The SKU is the key that ties catalog and inventory together across separate service databases.
The Five Core Services
1. Product Catalog Service
The catalog is the source of truth for product metadata. It is not the source of truth for pricing or inventory. Those live in separate services.
The catalog feeds an Elasticsearch index asynchronously via a Kafka pipeline. The index is denormalized and search-optimized: a single document per variant with pre-joined category names, seller info, and image URLs. Stale search results are acceptable because the real validation happens at checkout, not at browse time.
Cache product pages aggressively in Redis with a 5-minute TTL. For a product that hasn't changed in a week, there is no reason to hit Postgres on every request.
2. Inventory Service
This is the hardest service. Get it wrong and you sell six laptops for the price of one. It is the only place in the system where you must have strong consistency.
The reservation model has two phases. When checkout begins, create a soft reservation: reserved_quantity += N with a 15-minute TTL stored in Redis alongside the DB record. At payment confirmation, convert the reservation to a permanent decrement: quantity -= N, reserved_quantity -= N. If payment fails or the TTL expires, the reservation releases automatically.
Why not decrement at add-to-cart? Because users add items to carts and abandon them constantly. If every cart addition was a hard decrement, you would perpetually under-report stock.

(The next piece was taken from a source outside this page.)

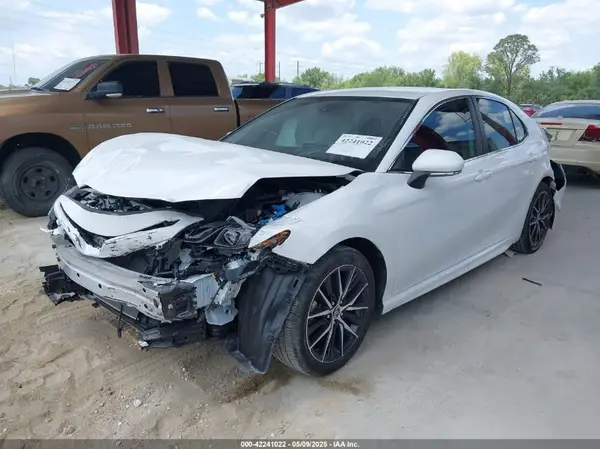 4T1G11AK8RU869951 2024 TOYOTA CAMRY - Image 2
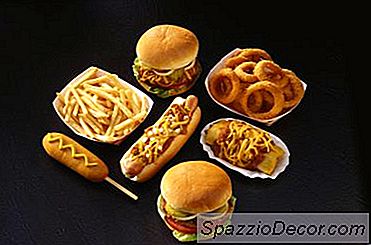 座りがちな生活のために避けるべき食品のリスト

The DB update uses optimistic locking:
UPDATE inventory SET reserved_quantity = reserved_quantity + 1, version = version + 1 WHERE sku = 'ABC-123' AND warehouse_id = 42 AND (quantity - reserved_quantity) >= 1 AND version = :expected_version;
Zero rows updated means someone else got there first. Retry or return out-of-stock.
The soft reserve is the entire reason your flash sale doesn't sell the same unit to twelve people at once.
3. Cart Service
The cart is advisory. Think of it as a wishlist that might convert. About 70 percent of the time it won't. Never trust the cart's prices at checkout. Always refetch the price from the catalog service at order creation time. A seller might have changed the price in the thirty seconds since the user added it.
Store carts in Redis as hash maps keyed by user_id. Carts are ephemeral. If you lose a cart, the user is annoyed. If you lose an order, you have a financial dispute.
For logged-out users, persist a session token in a cookie and merge carts on login.
4. Order Service
Orders are an explicit state machine. Define the states and make invalid transitions impossible.
PENDING_PAYMENT
|
v (payment authorized)
CONFIRMED
|
v (warehouse picked + packed)
SHIPPED
|
v (delivery confirmed)
DELIVERED
PENDING_PAYMENT --x--> CANCELLED (timeout or user action)
CONFIRMED ------x--> CANCELLED (before shipped, rare)
Define the states and make invalid transitions impossible at the code level, not just in the diagram.
Active orders live in MySQL. Delivered and cancelled orders archive to Cassandra after 30 days. MySQL does not need to hold the full history of every order from 2006. Cassandra's wide-column model handles time-series reads on historical data well.
Each order carries an idempotency_key (typically a UUID the client generates before submitting). The server inserts the order using INSERT ... ON CONFLICT (idempotency_key) DO NOTHING. A duplicate submission returns the existing order record. This makes the create-order endpoint safe to retry.
5. Payment Service
The payment flow uses a Saga, not a 2PC. Distributed two-phase commit requires a coordinator and fails hard when that coordinator goes down. That's the thing you were trying to prevent. A Saga breaks the transaction into local commits with compensating actions on failure.
The sequence:
- Reserve inventory (local commit in inventory DB)
- Authorize payment via external gateway (local commit in payments DB)
- Confirm order (local commit in orders DB)
If step 2 fails: release the inventory reservation (compensating action). If step 3 fails: void the payment authorization + release reservation (two compensating actions).
No global coordinator. No locks held across services. Just explicit rollback logic.
Scaling the Read Path
Product pages are the 1000x majority of traffic. Scale them by never touching the database.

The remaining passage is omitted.